TDSS botnet is now come with latest of 4th generation variant, which is more dangerous. Malware that spreads widely through the Internet and other devices such as flash disk is no longer an application which came once and then die. Malware is also regeneration by always appearing in new forms and variants that more stronger, more sophisticated. TDL 4 is one of a botnet TDSS the 4th generation.
The rise of botnet infection which attacks the computers even also network computers have impact losses for the user. Commenting on this condition, Yudhi Kukuh, Technical Director of PT. Prosperita-ESET Indonesia convey that to banish the TDSS / TDL, with all sorts of traps to infect system 32bit/64bit or defeat botnets is not an easy job.
TDSS or also known as TDSS / TDL, or Win32/Olmarik, infect computers and then take orders from a C & C server. Win32/Olmarik next process. AVA zombies Kademilia communicating with each other using DHT (distributed hash table) peer-to-peer protocol. When a PC is infected by bots, the computer will automatically become part of a network shared with other computers that also have been infected with the “Command & Control” (C & C) server or a botnet, which has destructive properties.

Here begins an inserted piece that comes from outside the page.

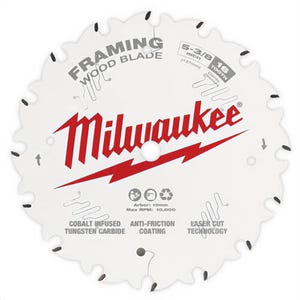 Milwaukee® 48-40-0522 Framing Circular Saw Blade, 16T, 5-3/8 in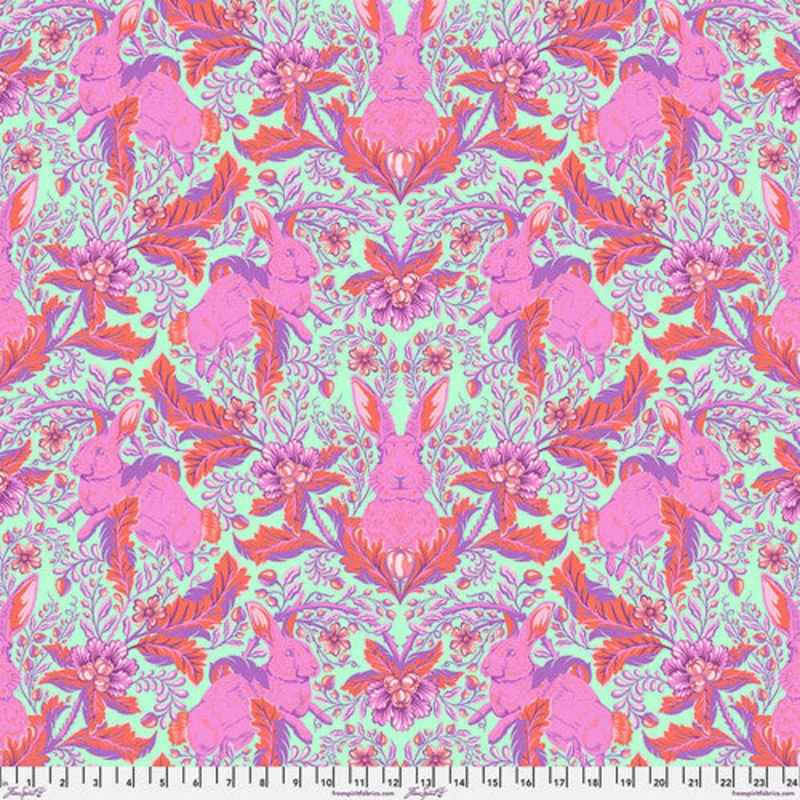 Tula Pink FULL MOON FOREST II: Hoppy Go Lucky-Blossom (1/4 Yard)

Botnets will try to control a network with several computers along with all information that is owned, then the information that was stolen will be deployed to computers in network. Botnets do not just stop working even if only one computer while other computers in botnet network dies.
Weakening the network botnet can be done either by track and turn off some or all of C & C servers that send information to a computer zombie who has been infected and gave instructions that must be done, then if the server is turned off, zombie computers are connected to a computer server is no longer able to sends data function or perform as instructed by botmaster.
By using Kademilia protocol, botmaster will be able to integrate weaknesses of C & C approach, then by using a common approach between each computer as C & C server or a zombie or a client who has been infected.
“In addition, there is an easy way to block botnet on your network. The trick is to have awareness to activate, update at regular intervals in computer security system and network servers,” added Yudhi.